39. The "what's buried" scan
Review this document for anything a careless reader would miss but shouldn't: fine print, exceptions, fees, obligations, deadlines, or unusual terms. Quote each one exactly. [PASTE TEXT]
40. Summary integrity check
Here is a summary and the original. Check the summary against the original: list anything the summary gets wrong, overstates, or omits that matters. [PASTE BOTH]
Category 5: Comparison (Patterns 41–50)
41. The decision table
Compare [OPTION A] vs [OPTION B] for someone in my situation: [YOUR SITUATION]. Build a table of the factors that matter most to me, then give a bottom line with your confidence level.
42. Criteria-first comparison
Before comparing [OPTIONS], first tell me: what criteria SHOULD someone in my situation use to judge these? Let me confirm the criteria, then compare against them.
43. The tie-breaker
I'm torn between [A] and [B]. Argue the full case for A, then the full case for B, then tell me what single piece of information would break the tie.
44. Apples-to-apples enforcement
Compare [A] and [B], but first normalize them: state each one's assumptions, units, and included/excluded costs so the comparison is truly apples-to-apples. Flag where sellers make them hard to compare on purpose.
45. The switching-costs lens
Beyond comparing [A] vs [B] directly, compare the cost of being WRONG with each: what happens if I choose A and regret it vs choose B and regret it? Which mistake is easier to undo?
46. Three-option escape
I'm comparing [A] and [B]. What option C (or a hybrid, or "neither/wait") am I not considering? Evaluate it against the same criteria.
47. Feature-vs-need mapping
Here are the features of [PRODUCT/SERVICE OPTIONS]. Here is my actual situation: [SITUATION]. Map features to my real needs, and mark which advertised features I would genuinely never use.
48. The expert-buyer simulation
If a seasoned expert in [DOMAIN] were choosing between [A] and [B] for a family member, what would they check that a novice wouldn't? What questions would they ask the seller?
49. Total-cost comparison
Compare the TRUE total cost of [A] vs [B] over [TIME PERIOD]: upfront, recurring, hidden fees, likely maintenance, and exit costs. State which figures are estimates and how uncertain they are.
50. Side-by-side claims audit
Both of these sources make competing claims: [PASTE/DESCRIBE]. Build a claim-by-claim table: what each asserts, what evidence each offers, and which claims are actually in conflict vs just emphasized differently.
Category 6: Decision-Making (Patterns 51–60)
51. The decision brief
Help me decide: [DECISION]. My situation: [CONTEXT]. My priorities, in order: [PRIORITIES]. Give me a decision brief: options, how each scores against my priorities, key risks, and a recommendation with confidence level. Challenge my priorities if they seem off.
52. Pre-mortem
Assume I made [DECISION] and one year later it turned out badly. Write the story of what went wrong — the 3 most plausible failure paths. Then tell me what I could check now to guard against each.
53. The reversibility sort
For decision [DECISION], sort the moving parts into reversible vs irreversible. Where can I keep options open, delay commitment, or run a small test before deciding fully?
54. Decision matrix builder
Build a weighted decision matrix for [DECISION]. Propose criteria and weights based on my situation: [SITUATION]. Show the scoring for each option, then tell me how sensitive the result is — would a small change in weights flip the answer?
55. The 10/10/10 test
For [DECISION], how will I likely feel about each option in 10 days, 10 months, and 10 years? What does that lens reveal that the pros/cons list hides?
56. Assumption smoke-out
Here's my current plan: [PLAN]. List every assumption this plan silently relies on, rank them by how damaging it would be if wrong, and suggest how to test the top three cheaply.
57. The trusted-advisor panel
Convene a panel on my decision [DECISION]: a cautious financial advisor, an experienced person who has done this before, and a skeptical consumer advocate. Each gives their honest take, including where they disagree with each other.
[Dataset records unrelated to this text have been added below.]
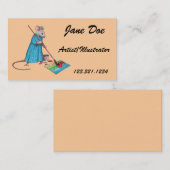 Muis: Artiest, Illustrator Business: Kuttekening Visitekaartje (Voorkant / Achterkant)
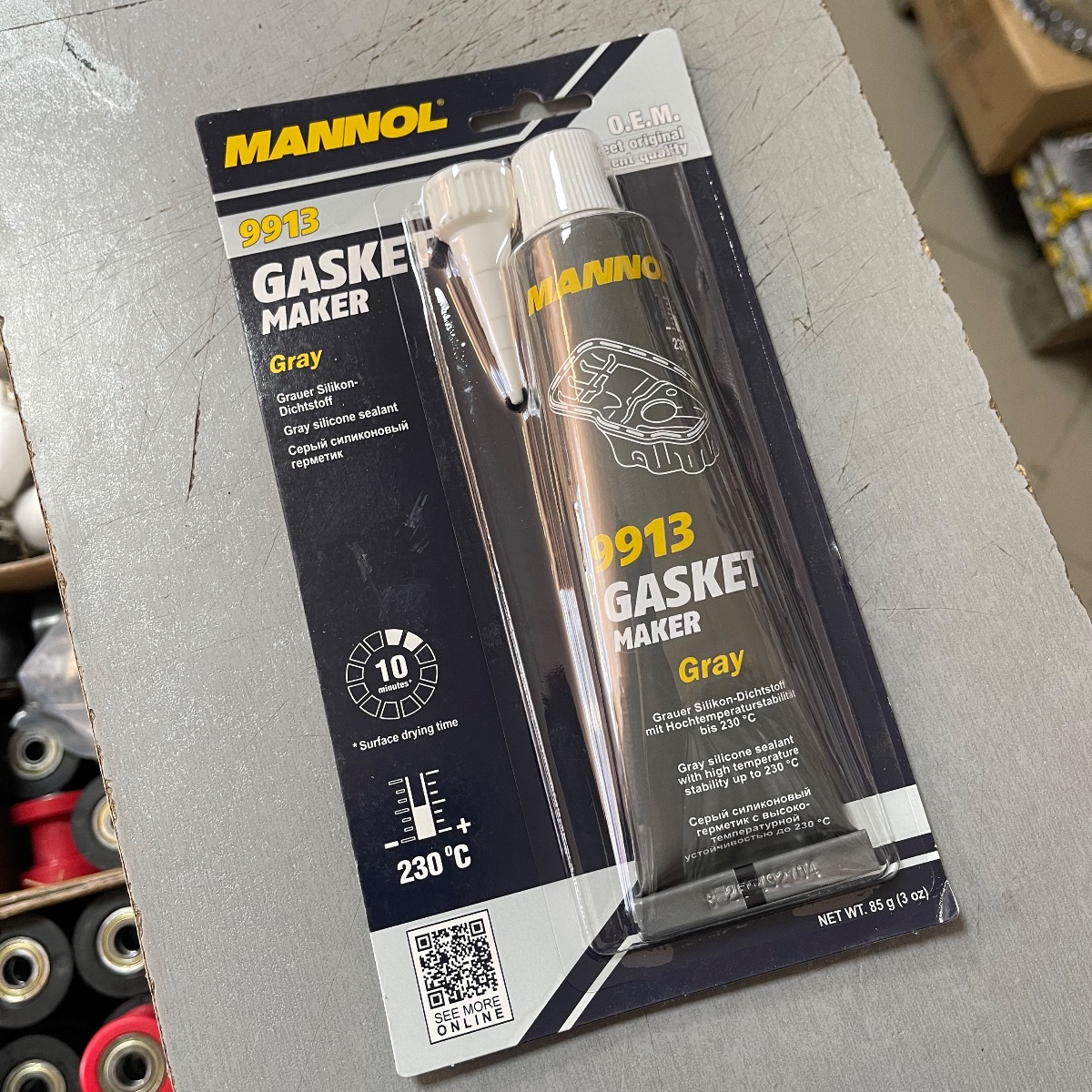 Силіконовий герметик-прокладка MANNOL Gasket Maker Gray (85г)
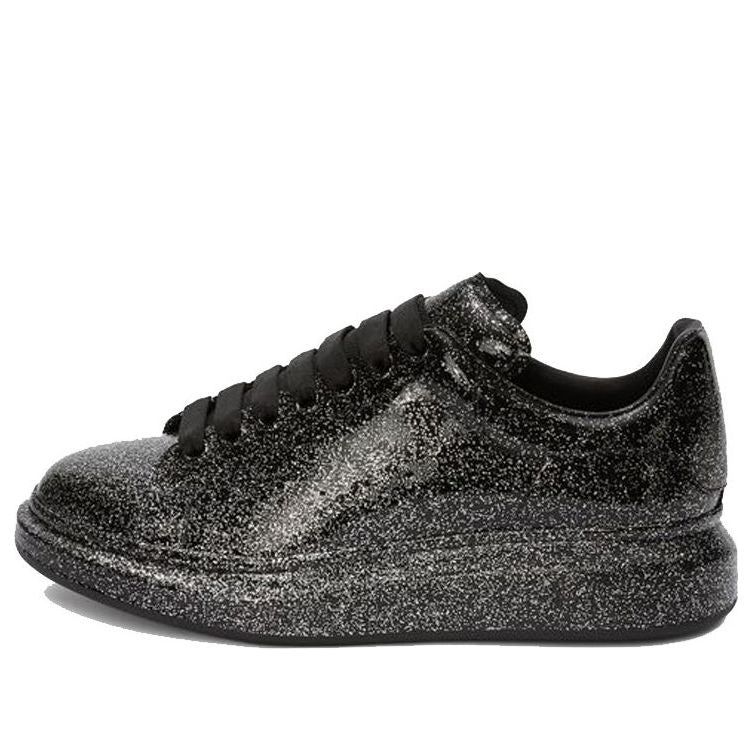 Alexander McQueen Oversized Sneaker Glitter 'Black' 575410WHWI01000 sold by KicksCrew
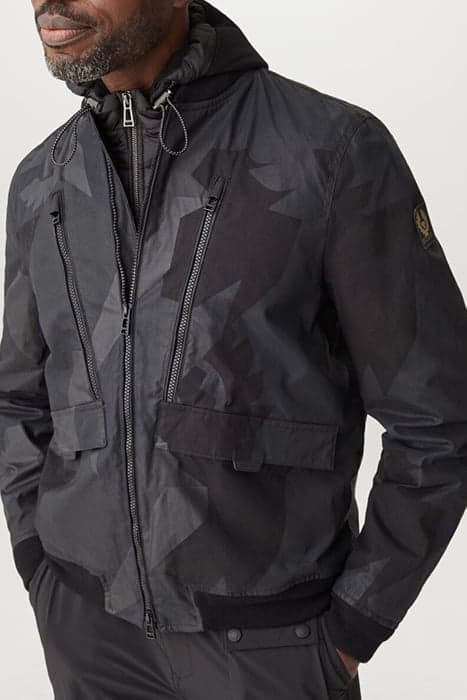 FRAGMENT PHOENIX COMBER JACKET BLACK by Belstaff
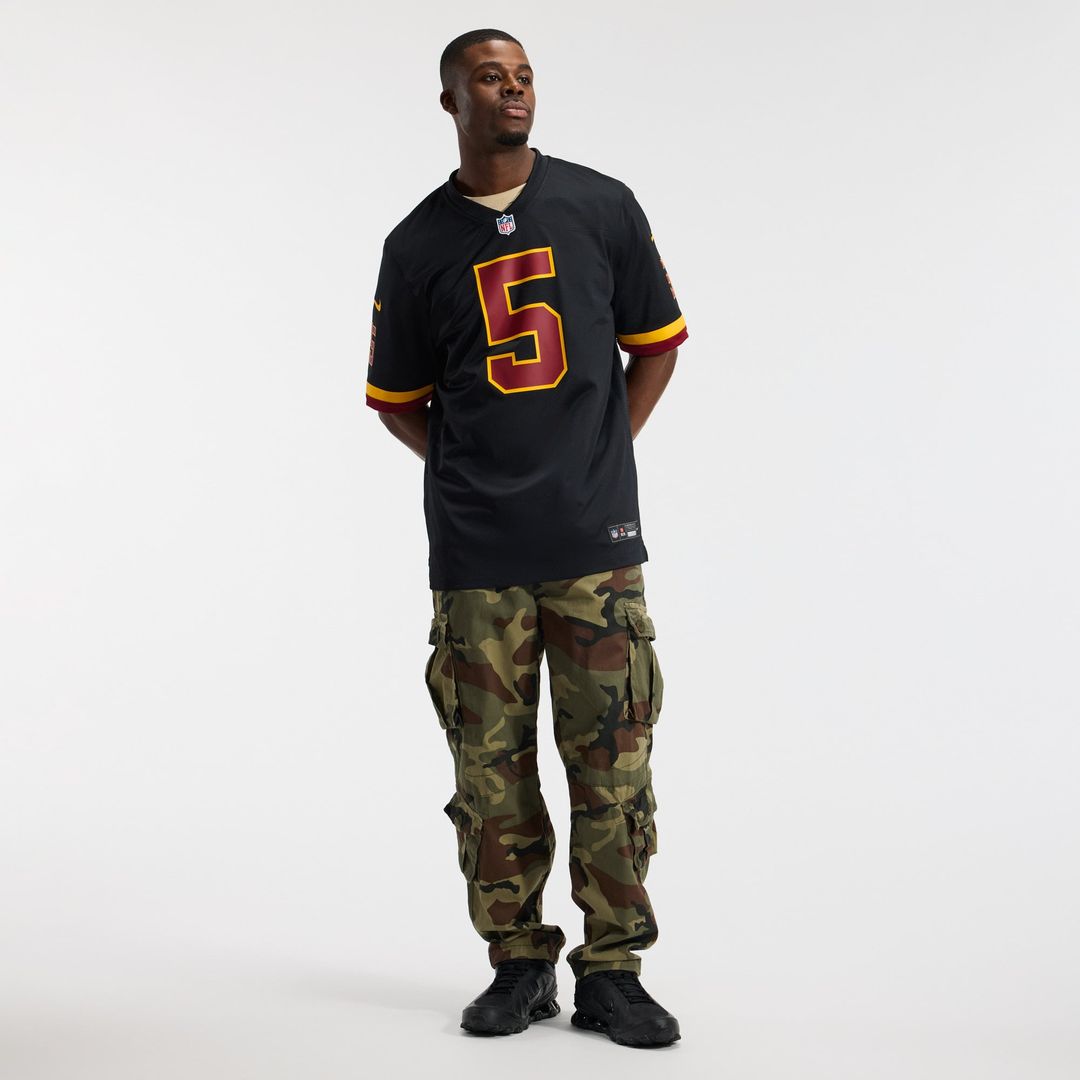 Hail Raiser Washington Commanders Jayden Daniels Nike Alternate Game Jersey - Black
58. Minimum information to decide
For [DECISION], what is the smallest set of facts I need before deciding is responsible? Which of those do I already have ([LIST WHAT YOU KNOW]) and how do I get the rest?
59. The default-option challenge
My default plan is to [DEFAULT]. Argue against the default: who benefits from me choosing it, what does inertia cost me, and what would have to be true for the default to genuinely be best?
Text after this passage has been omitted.